The shortage of banknotes, including bond notes, in the Zimbabwean banking system, has generated a huge surge in use of the electronic transfer systems, but to give Zimbabweans the practical choice of a totally cashless economy several more steps are required.

In urban areas PoS machines are now almost universal. At the beginning of last year most small businesses and shops declined offers from their bankers to acquire such machines. As shortages of banknotes emerged there was a sudden and huge surge in demand, which meant the banking sector had to arrange large imports, as “swipe shy” businesses suddenly realised that their choices were using such machines or watching their customers migrate to those who did accept debit cards.

But to use these machines a customer needs to have a bank account. Some banks have been rounding up the unbanked with simple no-frills basic accounts, but there are still rules in place that leave some outside the fold.

And there are still retailers who have yet to accept these machines or to have risen to the top of the queue at their bank to have one delivered. However, one huge advantage of PoS machines is that all banks and building societies are on the ZimSwitch network so every card works, at least in theory, on every machine.

But there are other platforms. The RTGS platform, a bit old-fashioned now with its manual inputting at banks, functions well although charges are still unacceptably high for small transactions and at least produces a hard copy duplicate as proof of the transaction and so is popular for larger corporate payments, but still disliked for small personal transactions.

The pressure for cheap and simple platforms has seen dramatic growth and far greater reliance on the Zipit platform, which is run by banking apps on smartphones.
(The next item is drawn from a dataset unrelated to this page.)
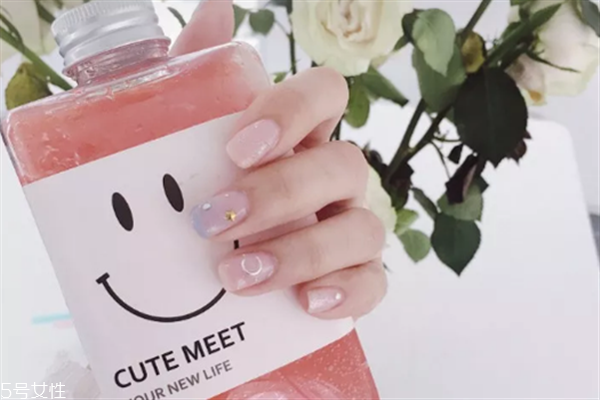美甲怎么包邊才不會(huì)掉 加固膠的注意事項(xiàng) 美甲怎么包邊才不會(huì)掉 加固膠的注意事項(xiàng)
But while almost all Zimbabwean-owned banks and the two smaller mobile banking services are on this platform, the foreign-owned banks, with the exception of the Old Mutual stable and the dominant mobile banker, EcoCash, are still absent.

And even in urban areas very small traders, such as kombi drivers and pavement vendors, still want banknotes although mobile services can be used at times.

Electronic banking in rural areas is still largely in its infancy. There is some mobile banking, but few retailers have PoS machines and need some education on how they would function with both customers and their wholesaler suppliers.

One complaint is that mobile phone coverage, while near universal in theory, suffers from power outages and the like in rural areas, implying that the infrastructure needs to be strengthened further.

The large harvests now being reaped and the start of the payment of civil service bonuses are going to put even more pressure on banknote provision unless there is a major campaign to encourage all to use the various mobile and electronic banking services.

This must be coupled with the authorities, probably the RBZ, getting banks and near banks to fill in the few steps still missing. All three mobile banking systems, for example, must be connectable to all bank accounts. All have a relationship with some banks, but need this with all banks so that the banked customers can move money easily between account and mobile wallet and back again.

The Zipit system needs to be more universal, with any doubts by any bank speedily addressed. Those outside the system might have legitimate queries, just as some had with ZimSwitch until modest changes were made.

Zimbabwe is almost at the stage where it is possible for anyone to live normally without banknotes, but we still need the gaps filled so that it becomes a practical choice, not a theoretical possibility that may well require moving money between two bank accounts and two mobile services.